In the two years he's studied with Bleecker, Shatner has gained knowledge of how real fights happen. "Aside from the boxing and stunt techniques, I'd only had a few lessons in judo many years before," he says. "I did not want to become a martial artist who would abuse karate's fine skills. I was more than aware a little knowledge of karate could be dangerous, but I rarely get into physical hassles. In fact, in any unavoidable fight, the only thing my opponent would most often see is my back."
Stimulation From an Active Life
Despite his interest in the sport, Shatner admits to having found karate more of a stimulant than a drain of energy required for his work. "There are times when I am so tired, it's an effort to even put on the gi," he says. "But in making an effort to get out there and work for at least a half-hour, I find I get a second wind and go back to my acting with renewed vigor.
"This might sound like a cop-out, but if I had the time, I would go for a black belt. I would put everything I have into the martial arts. I may have my own limits, but karate is an open endeavor for the ablest of athletes."
How does Shatner's teacher feel about the actor's progress?
"His memory is incredible," Bleecker says. "His discipline as an actor and his gift for total recall make him a prime student of karate. He is strong, coordinated and fast. If we miss a week of work, when he returns, he finds it easy to remember exactly what he has learned and where we left off. He's right on all the time."
It was that athletic ability that prompted Shatner to consider becoming a professional athlete. Equestrian riding, swimming and football were possible goals for the young man. "I was a bit small for a pro football career," he says, "but I was mean."
He may be mean, but he also has a passion for nature and the outdoors. He recently shot the rapids of the Salmon River in a kayak for television's American Sportsman. And Shatner loves to take hunting trips where he can use his archery skills.
"Hunting with a bow and arrow is a prime example of man's need to be in harmony with nature," he says. "I have to be one with my environment. Man is constantly violating the natural environment through pollution and a hectic pace of life. Though hunting has been 'out' lately, it really has been in for hundreds of thousands of years as the fundamental way of obtaining food. I think that when hunting as an archer, it gives the animal an equal chance with the predator, man. With a bow and arrow, hunting becomes a one-to-one relationship. With a gun, hunting is a completely different story."
Shatner amusingly recalls many hunting expeditions that yielded no game. He points to the impossibility of bagging game with a bow and arrow from distances where a gun would easily score a kill. "That is part of the limitation and challenge of hunting with arrows," he says. "The basicness of archery appeals to me. But many times I have gone hunting with cameras, too."
Shatner sees the popularity of the martial arts as potential cause for concern. "I once bred German shepherds, and the thing that made the dogs great was that only a few of them existed," he says. "Now, the shepherd has had its fineness overbred because the demand for them has increased and breeders have to mass-produce them.

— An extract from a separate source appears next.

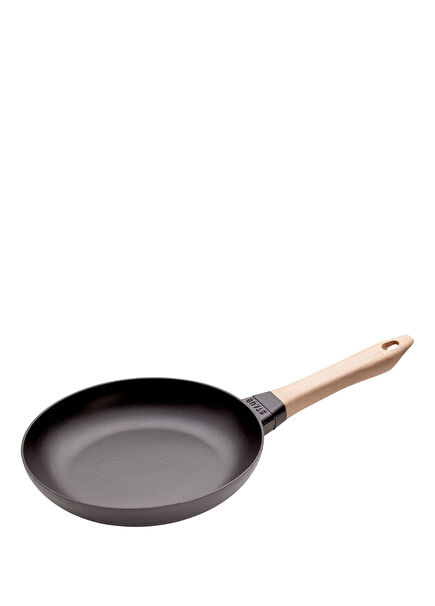 Wooden Handled Cast Iron Black Frying Pan 24 cm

"It may be the same with karate. With so many people taking it, the beauty that is karate may be lost. The millions of novices, possibly including myself at this point, may be reducing the arts to a point of compromise where the greatness is left to only those very few dedicated masters. That would be a tragedy, but I suspect it's what's happening."
While Shatner has every intention of pursuing karate when and if he's able, competition will play no part in his martial arts future. "There are too many accidents," he says. "I've heard of people getting killed in competition. Also, my interest is in self-satisfaction through self-mastery of the arts. I don't much care about proving that I can do someone else in."
Despite his acclaimed dramatic background, Shatner admits to being just a plain old popcorn-munching fan when it comes to escapist entertainment. "I'd rather go see a double feature of karate films than many Academy Award winners," he says. "The cheaper, the better. It drives my wife up the wall. I love them!"
On a more serious note, he doesn't see much of a future in purely action-oriented martial arts films. And he says that the violence trend in movies may have reached its saturation point. "The arts can have a great future in movies if they are integrated into strong story structures," he says. "A movie about violence isn't a very lasting experience to behold. l think a film in which both the action and the serenity of the martial arts philosophy were blended would be a tremendous success with a wide-ranging audience."
Coincidentally, Shatner and writer-sensei Bleecker have just such a script that they're planning to produce. But at this stage, they're evasive about the details.
"Just as those studying martial arts must mature and hopefully explore the true depth of their endeavor, movies should do the same in their treatment of the arts," Shatner says. "Look at the Kurosawa samurai films. There's no reason why American moviemakers couldn't do that kind of justice to their subjects."
Shatner says he holds out the firm hope that the Eastern influence provided by karate's popularity in America may eventually prove beneficial to our violent society. "There's always the possibility of the opposite, but I like to think it may appeal to the better side of people. I hope the net result will be peace in the world rather than just an army of citizens with deadly hands."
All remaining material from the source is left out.